Feb. 14, 2011 — -- After complications from surgery to remove a benign cyst near his brain and spine, 2-year-old Harrison Kothari seemed to be recovering well.
"He was supposed to get discharged the next day," said Shanoop Kothari, Harrison's father.
But on December 1, Harrison's organs began failing from acute bacterial meningitis.
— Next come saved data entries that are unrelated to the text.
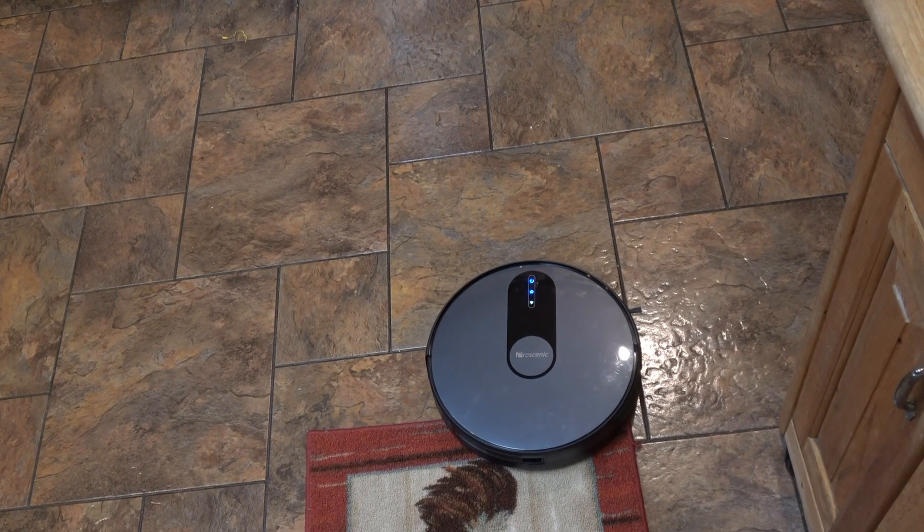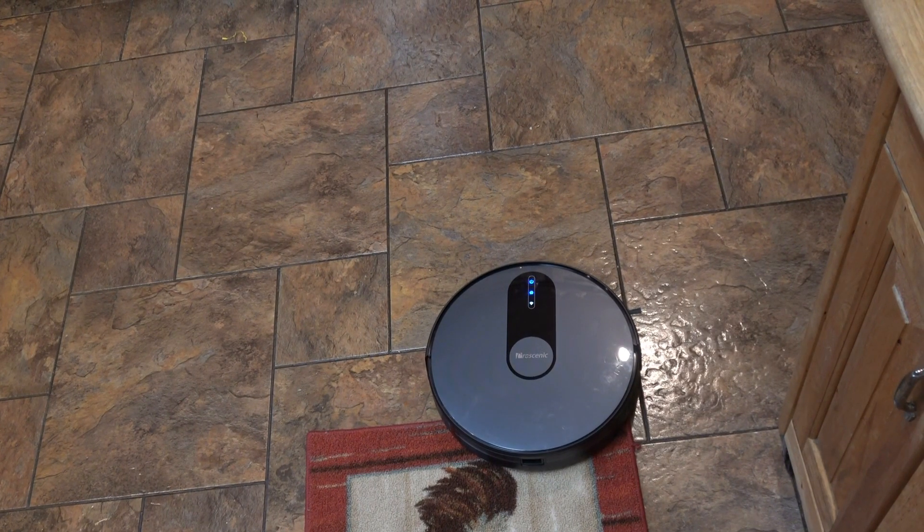I'm pretty impressed with the vacuum — powerful suction, voice control, remote control, and the app. I really like the app. The only complaint I would have might be that the dustbin seemed a little tricky to open, but that might just be me. Please check the description section below for more information, and thanks for watching.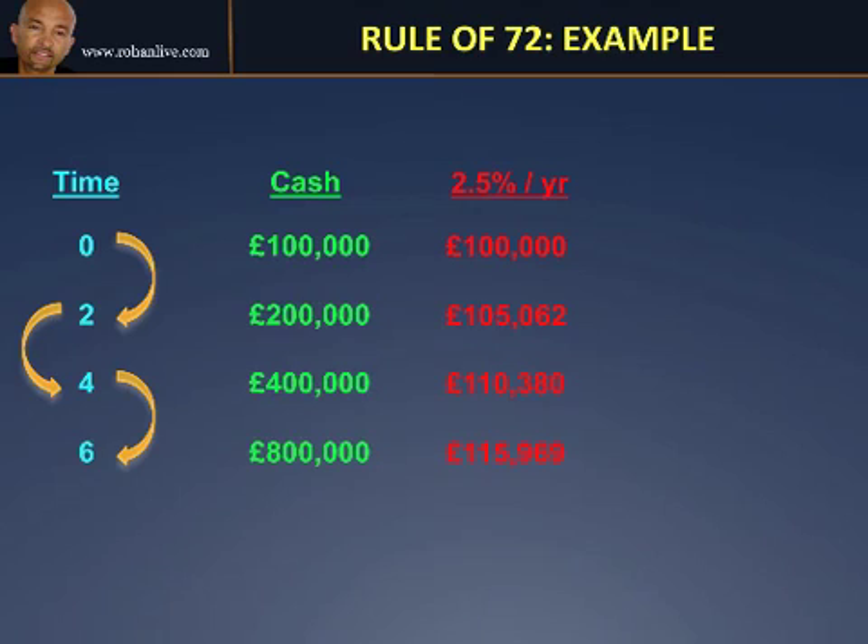To contrast, if you were to leave that money in a bank account making 2.5% per year, then in the first two years you would make £5,000 profit — it would go from £100,000 to £105,000. Over the next two years it would go to £110,000. And over the next two years it would go to £115,000. So you can see there's a dramatic difference when you start to see returns on investment between 30% and 40% as opposed to just 2.5%.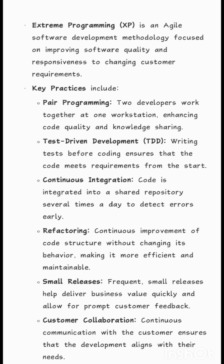Test-Driven Development, TDD, involves writing tests before coding to ensure that the code meets requirements from the start. Continuous Integration means code is integrated into a shared repository several times a day to detect errors early.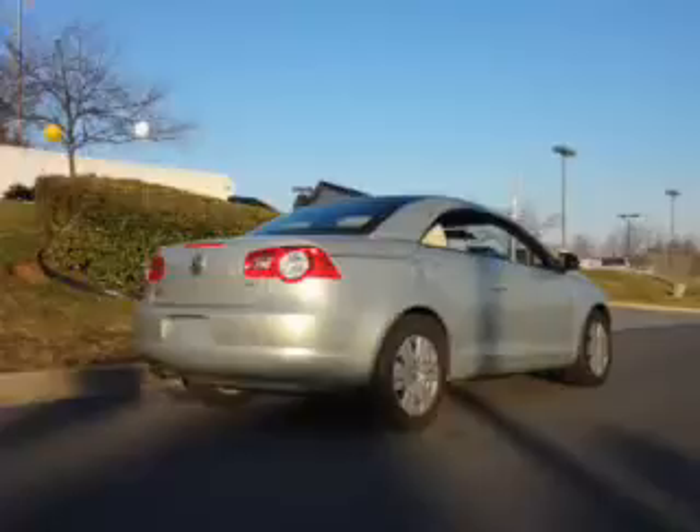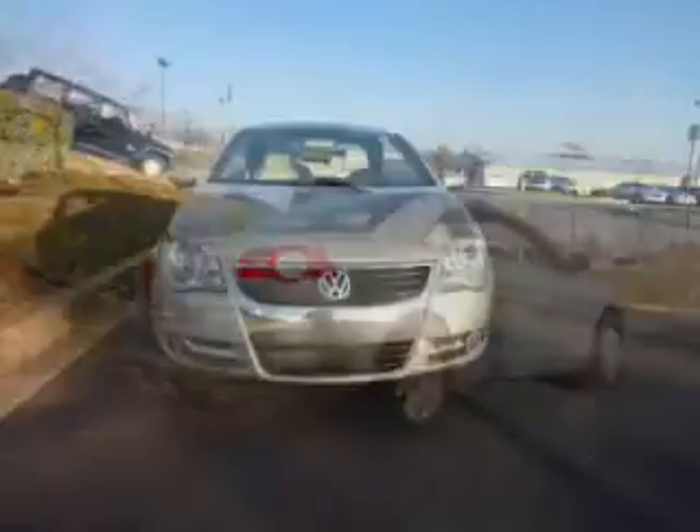With a reliable engine connected to a smooth-shifting 6-speed automatic transmission, premium wheels lend a distinctive appearance. The anti-lock braking system will help deliver you safely to your destination.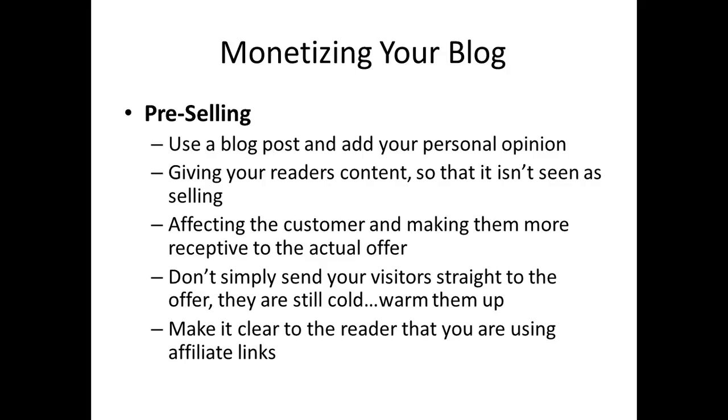Your blog post is going to be a knowledgeable personal opinion about the item you're writing on, so that people who read your post will not view it as a sales pitch. You want to give them content — something entertaining, informative, even educational — so that they're not looking at what you've written as selling them. But really you are. Really what you're doing is warming them up to the offer by affecting the customer and making them more receptive by talking about the product from an inside or intimate perspective.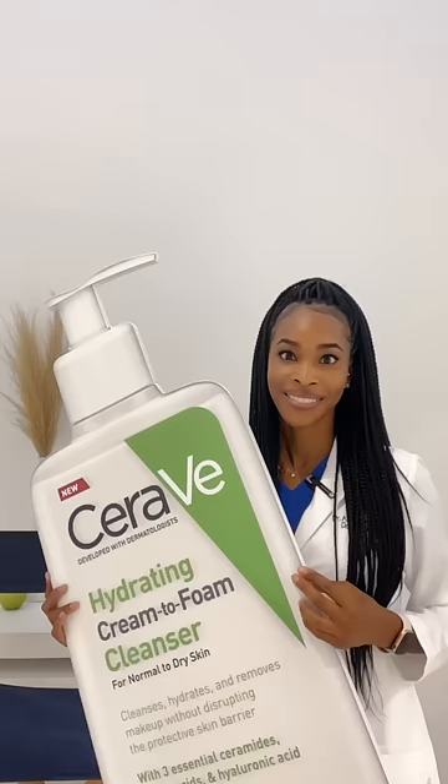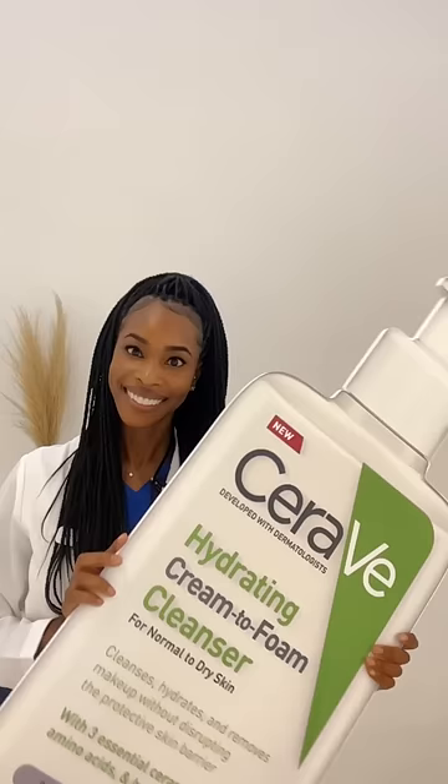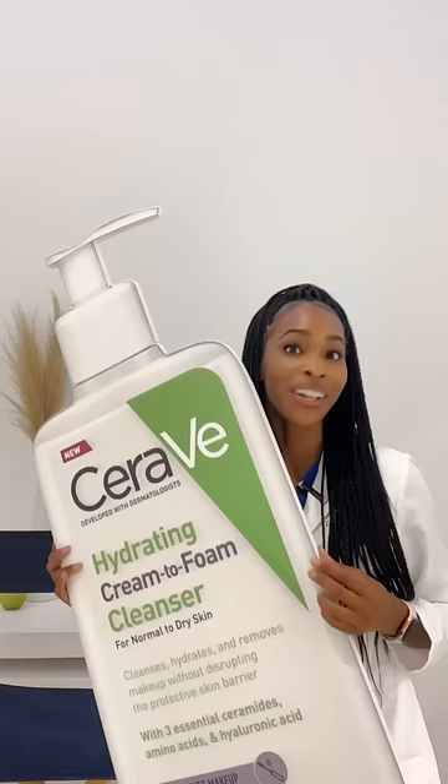So you want to cleanse like a derm but you're not quite sure? Let's first start with your skin type. If you have sensitive skin but you are normal to dry, you might want to consider the hydrating facial cleanser. On the days where you're wearing makeup or water-resistant sunscreen, you may want to consider the hydrating cream to foam cleanser to help you get everything off without leaving the skin feeling too tight or dry.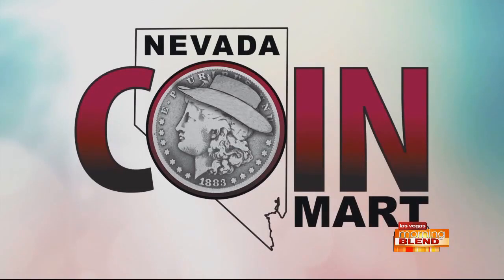The following segment is paid for by Nevada Coin Mart. Dana and I just realized we have something in common. I actually went to see Neil Sackmary to trade in a pair of diamond earrings from an ex-boyfriend. And I went to him to trade in a ring from an ex. And we were laughing because we were like, I've been there, I've been there.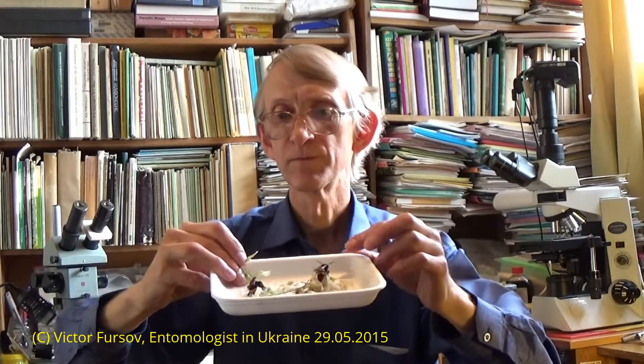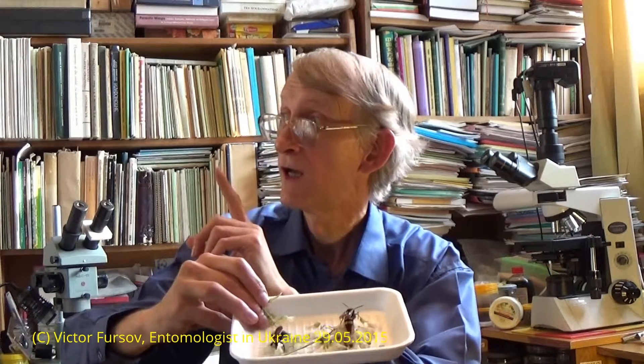These are two different species and they differ in appearance. They have nice, shiny, black-blue wings, a hairy thorax, and a hairy abdomen with yellow spots. These two species are Scolia maculata and Scolia hirta.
He died soon after.
"Nobody from the hospital could tell us how he got this rare bacteria, what caused it, it was a mystery," said Shanoop Kothari.
Harrison's death was a mystery to his family until they heard of a recall of the same brand of sterile alcohol pads used during his procedure, the kind used in many hospitals and doctors' offices.
Late yesterday the family sued the Triad Group, the largest makers of those pads, claiming gross negligence, according to Miranda Sevcik, a spokesperson for the lawfirm Perdue & Kidd, who represent the Kotharis family.
The parents' lawsuit states that the company issued an urgent voluntary recall of these products on January 3, citing "potential contamination" by a potentially life-threatening "objectionable organism."
That organism, bacillus cereus, can cause meningitis, the kind of infection that killed their son.
"We are, out of an abundance of caution, recalling these lots and revalidating our production lines to ensure that we are not the source of these contamination issues," the Triad Group wrote in their recall statement.
"There has been ONE report of a potential contaminant out of hundreds of millions of products sold," the Triad Group stated on their website.
"We know exactly what the bacteria was. It's the same bacteria on these pads," said attorney Jim Perdue Jr., who represents the Kotharis family.
The Kotharis have no direct evidence the swabs used during their son's procedure were contaminated but believe they could have been because the recall went out just a month after Harrison died.
"Triad group owes no more basic responsibility than putting out a safe medical product," said Perdue.
The FDA says the Triad Group followed all the right steps, notifying the FDA and quickly issuing a voluntary recall.
The FDA followed up with their own recall, noting that Triad Group products are sold under familiar generic labels.
"They could be potentially in everybody's home, in their bathroom, they have no idea. I wanna make sure that this doesn't happen to anybody else," said Sandra Kothari.
Triad alcohol prep products are included in pre-packaged pharmaceutical products used throughout the healthcare industry. Because of this, the FDA and many pharmaceutical companies have issued recalls for certain prepackaged pharmaceuticals containing Triad alcohol prep products. The only reason for these recalls is the potentially contaminated Triad alcohol prep product included in the package. The pre-packaged products include:
• Bayer HealthCare Pharmaceuticals for its Betaseron product
• GlaxoSmithKline for its ARIXTRA Starter Kits
• Genentech, Inc., a member of the Roche, for Boniva Injection, Fuzeon, Nutropin A.Q. Pen, Pegasys, and TNKase products
• Progenics Pharmaceuticals Inc. and Pfizer Inc. for its Relistor injection kits
• Merck & Co., Inc. for its Pegintron product
• Teva Pharmaceutical Industries for its Copaxone product
• Novaris Pharmaceuticals for its Extavia (interferon beta 1-b) product
• Watson Pharmaceuticals for its Trelstar product
• Neuro Resource Group, Inc. for its medical devices and products for injury management, rehabilitation, and pain management
The FDA recall was not a Class 1 recall, used for "dangerous or defective products that predictably could cause serious health problems or death," but a Class 2 recall, used for "products that might cause a temporary health problem, or pose only a slight threat of a serious nature."